Auch die „Gewährleistungsfunktion des im Zeitpunkt des Mittelzuflusses geltenden Rechts“ kann hier ohne ein besonderes schutzwürdiges Vertrauen aufgrund der bereits konkret absehbaren Neuregelung keinen Schutz bieten. Das BVerfG stellt für die Frage, ab wann von einer „konkret absehbaren Neuregelung“ auszugehen ist, auf den Beschluss des Vermittlungsausschusses ab. Ein solcher Beschluss vermöge jedenfalls in wesentlich größerem Umfange schutzwürdiges Vertrauen auf dem Bestand der früheren Regelung zu zerstören, als dies bei der bloßen Einbringung eines Gesetzentwurfes in den Bundestag der Fall sei. Denn die Wahrscheinlichkeit der Annahme eines Vermittlungsvorschlages sei erheblich größer als die Chancen eines Gesetzentwurfs zu Beginn der parlamentarischen Beratungen. Das BVerfG hat sich nicht dazu geäußert, ob die „Vertrauenszerstörungspotenz“ eines Gesetzbeschlusses des Bundestages so hoch anzusetzen ist wie die des Beschlusses des Vermittlungsausschusses. Insoweit bleibt Raum für weitere, noch feiner differenzierende Rspr.
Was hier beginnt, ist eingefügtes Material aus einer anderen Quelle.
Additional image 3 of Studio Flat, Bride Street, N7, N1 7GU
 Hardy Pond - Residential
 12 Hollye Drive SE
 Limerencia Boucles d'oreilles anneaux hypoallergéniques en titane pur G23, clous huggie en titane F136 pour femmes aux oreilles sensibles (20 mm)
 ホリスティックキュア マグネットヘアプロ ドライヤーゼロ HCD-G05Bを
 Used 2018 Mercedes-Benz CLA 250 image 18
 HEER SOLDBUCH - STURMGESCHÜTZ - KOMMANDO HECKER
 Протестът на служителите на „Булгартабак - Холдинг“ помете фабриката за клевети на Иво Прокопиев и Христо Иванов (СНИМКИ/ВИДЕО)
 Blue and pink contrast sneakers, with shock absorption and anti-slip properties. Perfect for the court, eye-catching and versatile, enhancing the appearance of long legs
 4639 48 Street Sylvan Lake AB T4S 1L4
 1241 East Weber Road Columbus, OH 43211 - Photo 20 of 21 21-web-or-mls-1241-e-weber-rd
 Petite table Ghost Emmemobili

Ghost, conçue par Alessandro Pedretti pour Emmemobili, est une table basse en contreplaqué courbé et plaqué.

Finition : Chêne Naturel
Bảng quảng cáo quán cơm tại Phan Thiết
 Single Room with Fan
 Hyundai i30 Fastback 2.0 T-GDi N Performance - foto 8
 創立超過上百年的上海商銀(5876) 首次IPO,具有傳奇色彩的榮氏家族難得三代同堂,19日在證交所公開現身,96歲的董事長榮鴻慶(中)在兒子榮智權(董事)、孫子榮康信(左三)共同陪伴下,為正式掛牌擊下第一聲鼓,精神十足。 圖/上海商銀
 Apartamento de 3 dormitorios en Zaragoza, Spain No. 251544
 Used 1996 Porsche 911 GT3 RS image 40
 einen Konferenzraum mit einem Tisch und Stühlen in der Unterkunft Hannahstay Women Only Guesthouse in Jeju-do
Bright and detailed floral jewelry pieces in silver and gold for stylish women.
In der auch dieses Jahr zum Jahresende anstehenden steuerlichen Gesetzesflut, deren endgültiger Inhalt voraussichtlich im Vermittlungsausschuss „ausgehandelt“ werden wird, findet diese Rspr. hoffentlich Beachtung. Es wäre zu begrüßen, wenn der Beschluss rechtzeitig ergangen ist, um den Vermittlungsausschuss daran zu hindern, als Kompromiss zulasten Dritter Verhandlungsmasse durch rückwirkende Änderung zum Beginn des Kalenderjahres zu schaffen.